DAI TIMORI alla realtà, però, c’è di mezzo una trattativa che porterà le organizzazioni sindacali a incontrare giovedì prossimo il ministero delle Attività produttive alla presenza della Regione, mentre lo stesso assessore Rossoni, prima del vertice romano parlerà con i rappresentanti della proprietà aziendale per capire qualcosa in più sul futuro del gruppo. “Intanto - ha proseguito il consigliere regionale Villani - durante la riunione dell’altro giorno, è sorto l’auspicio che i sindacati di Lodi, di Pavia e di Segrate facciano fronte comune insieme anche alle istituzioni regionali per ottenere l’obiettivo minimo di scongiurare la chiusura immediata dello stabilimento di Comazzo, cercando insieme le soluzioni possibili, e per chiedere che si agisca sugli ammortizzatori sociali, anche in modo innovativo, con la riqualificazione dei lavoratori.

INOLTRE, è giusto che si ottenga una fotografia trasparente della situazione, perché non c’è una motivazione accettabile per la chiusura dello stabilimento lodigiano né perché si possa ipotizzare un intervento successivo anche su quello di Pavia, visto che il settore farmaceutico non è in crisi e i siti produttivi della Merck godono di buona salute, anzi, potrebbero prendere lavoro in più”. Secondo il sindacalista della Cisl, Gianni Ardemagni, comunque, la chiusura immediata per Pavia non è calendario: “Se la Merk punta sul commerciale in Italia, deve dire cosa vuole fare di Pavia, uno stabilimento all’avanguardia e con forti professionalità. Dobbiamo avere garanzie sul futuro”.

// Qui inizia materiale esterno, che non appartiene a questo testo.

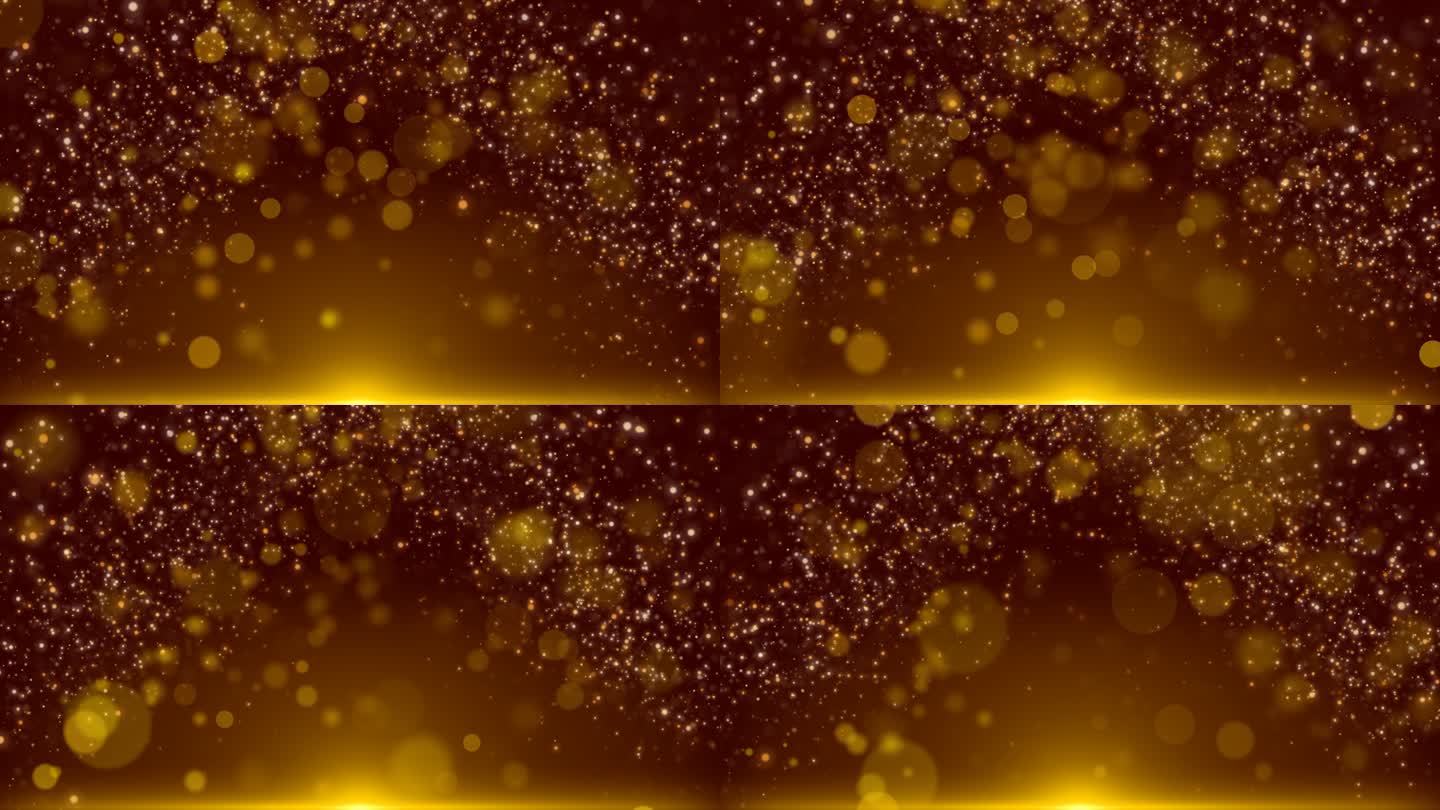 4K金色粒子01光斑无缝衔接-透明通道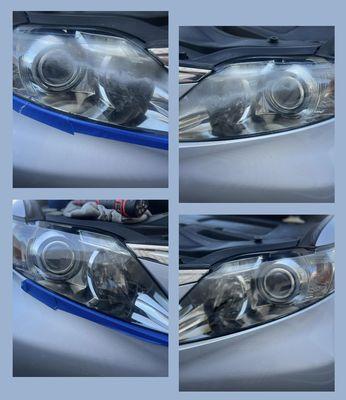 Lexus RX350 Headlight restoration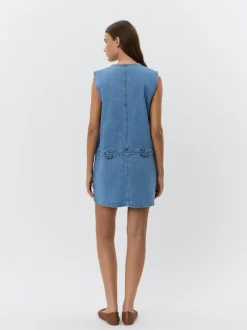 SOFIE SCHNOOR ALBERTINESW S252186 Dress Denim Blue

MA VILLANI si preoccupa anche della ricerca: “C’è molto lavoro da fare perché non vengano tagliati i fondi, che sono strategici per il futuro industriale di tutto il Paese. Se pensiamo alla situazione occupazionale pavese e alla grossa sofferenza che attraversa, con l’aumento della cassa integrazione straordinaria che la testimonia, è sempre più chiaro che la ripresa industriale deve essere sostenuta da azioni concrete”.